Task material:
===
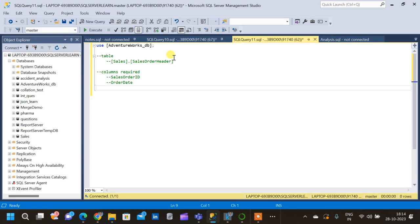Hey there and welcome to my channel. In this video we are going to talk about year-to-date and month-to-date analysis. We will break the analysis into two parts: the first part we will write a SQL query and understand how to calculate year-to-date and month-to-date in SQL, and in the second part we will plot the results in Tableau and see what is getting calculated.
===
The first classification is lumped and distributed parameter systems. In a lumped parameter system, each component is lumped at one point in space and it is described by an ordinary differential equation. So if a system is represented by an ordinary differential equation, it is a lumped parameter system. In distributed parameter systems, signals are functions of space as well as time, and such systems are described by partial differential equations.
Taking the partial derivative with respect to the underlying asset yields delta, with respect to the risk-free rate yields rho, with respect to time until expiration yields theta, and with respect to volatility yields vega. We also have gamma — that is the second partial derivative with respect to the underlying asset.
===
Task brief: Please count the lines in the data that include the word "time" and report the number by itself.

Expected output: 2